The first ten years of operation was a rolling battle to carve out a piece of Beechworth amidst bushfires and severe drought. Established in 2000, the winemakers at the aptly named Fighting Gully Road never gave up and have won out. The wines they produce are today among the best value to be found in the region.
This Beechworth Shiraz shows classic cool-climate characteristics of red fruit and white pepper. Fermentation is part whole bunch (about a third) and part crushed/destemmed (about two thirds) and very small portion of Viognier skins. The result is a bright, fresh medium-bodied Shiraz that will develop well over a decade.
Very complex vinification, fermented in three batches, 25% as whole bunches, with extended carbonic maceration, then crushed and destemmed to finish fermentation. The light colour is a partial consequence of the whole-bunch component, as is the intense and complex palate. It is savoury, spicy and will cause some to blink, but I'm ok with it.
92 points, James Halliday (September 2017)
Located in the foothills of the Victorian Alps, Beechworth is a small cool climate region with high continentality.
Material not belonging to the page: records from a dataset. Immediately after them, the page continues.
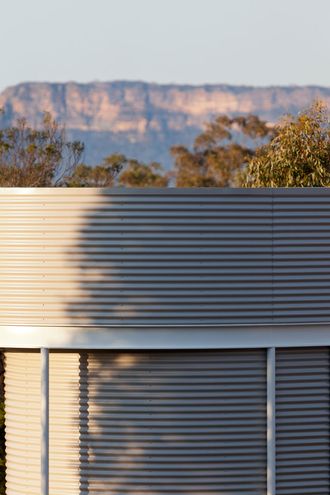 Southern Highlands House by Benn & Penna Architects (via Lunchbox Architect)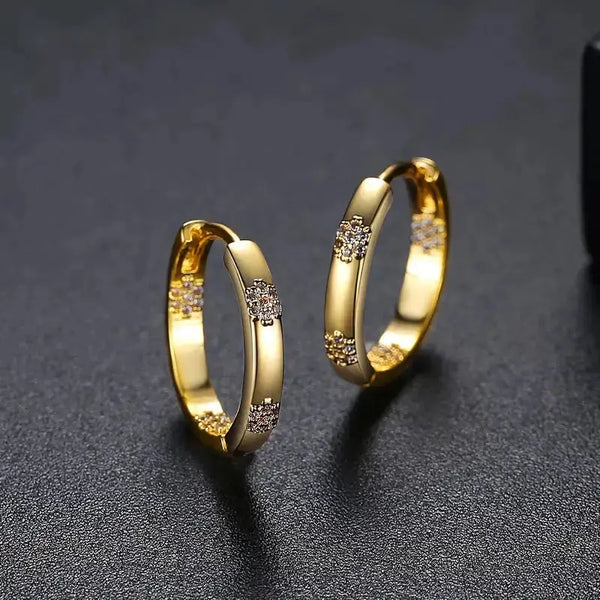 Pendientes Argola Vintage con Flor Dorada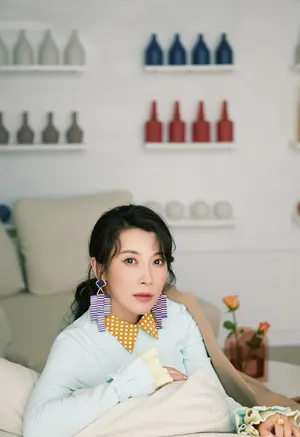 张棪琰性感成熟写真图片_2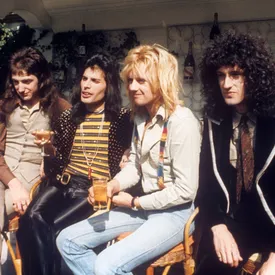 Группа Queen выпустит ранее неизданную рождественскую песню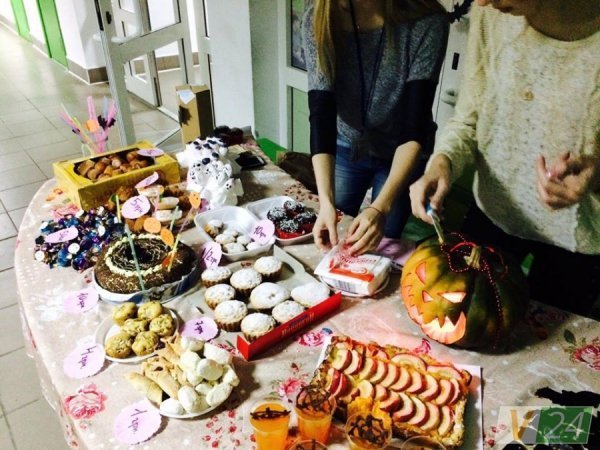 Благодійні жахи: студенти влаштували хелловінський ярмарок. ФОТО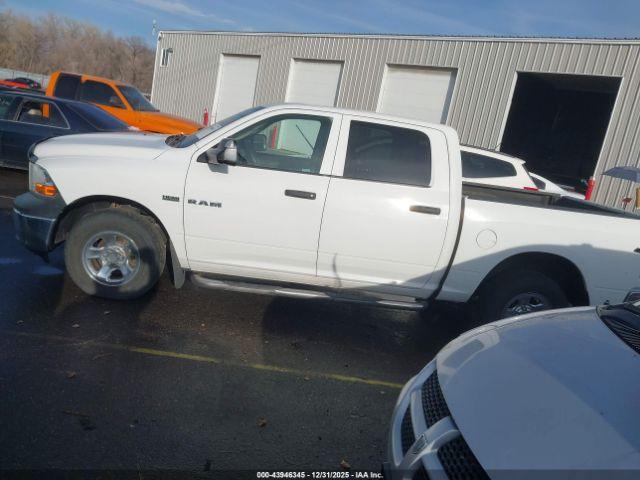 Dodge Ram 1500 St Image 16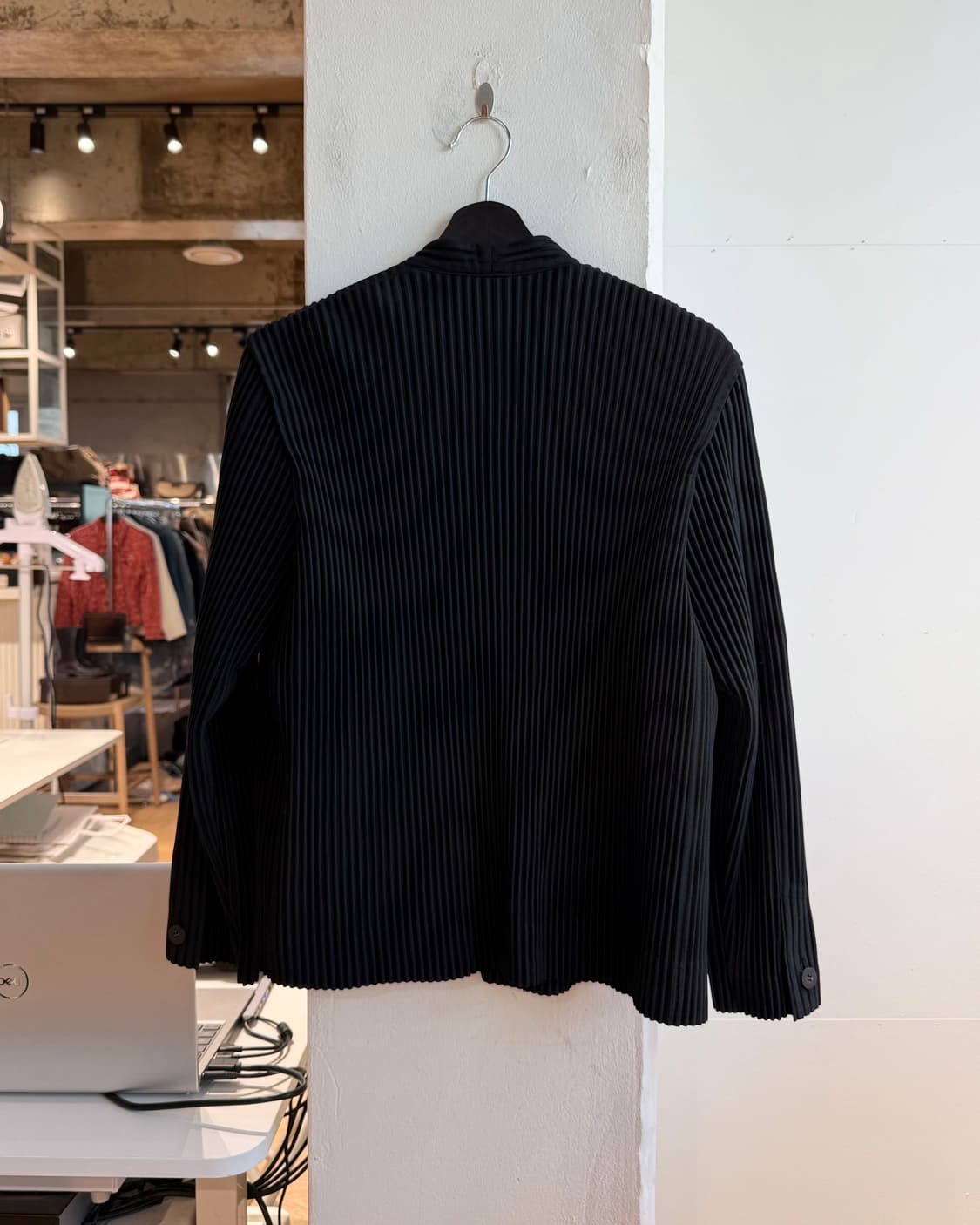 이세이 미야케 옴므 플리세 블랙 카라리스 싱글 자켓  상품이미지7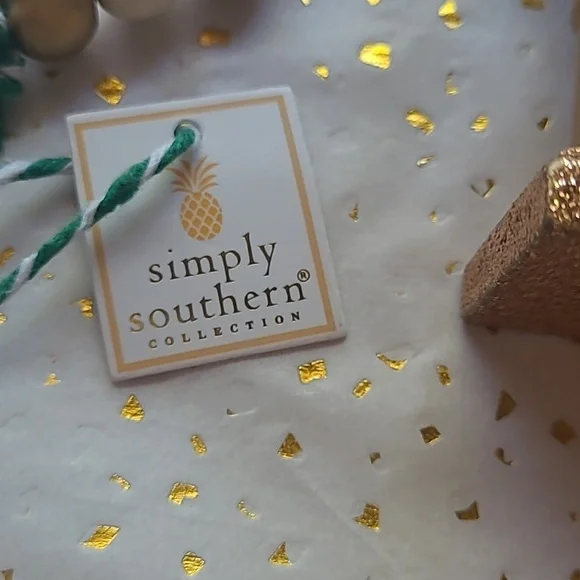 NWT Simply Southern Gold and Cream Beaded Nutcracker Necklace - Picture 2 of 4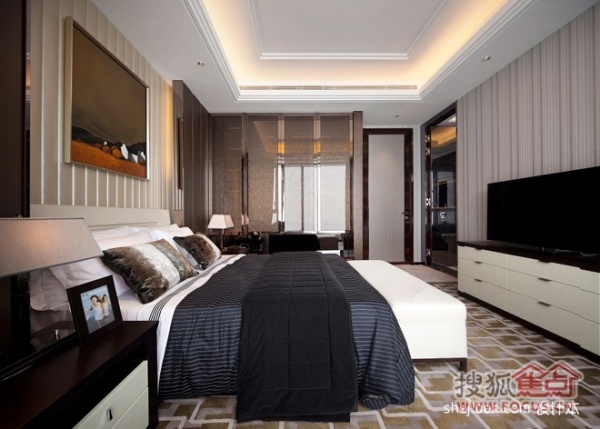 梁志天作品：香港天汇IV现代奢华样板房设计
The vineyards enjoy a large number of sunshine hours and are generally planted at altitudes of 400m. A variety of soil types are found with the two dominant ones being ancient sandstone gravel and clay and granitic loams over decomposed gravels and clays. While north or north-easterly slopes are generally favoured, the best sites are located away from higher altitude, cold-air drainage channels, with the risk of frost high in both spring and autumn. Restricted water availability means most vineyards are dry-grown. A region of small boutique producers, Beechworth is best known for premium Chardonnay, Shiraz and Pinot Noir, although plantings of Italian varieties including Sangiovese and Nebbiolo also show great promise.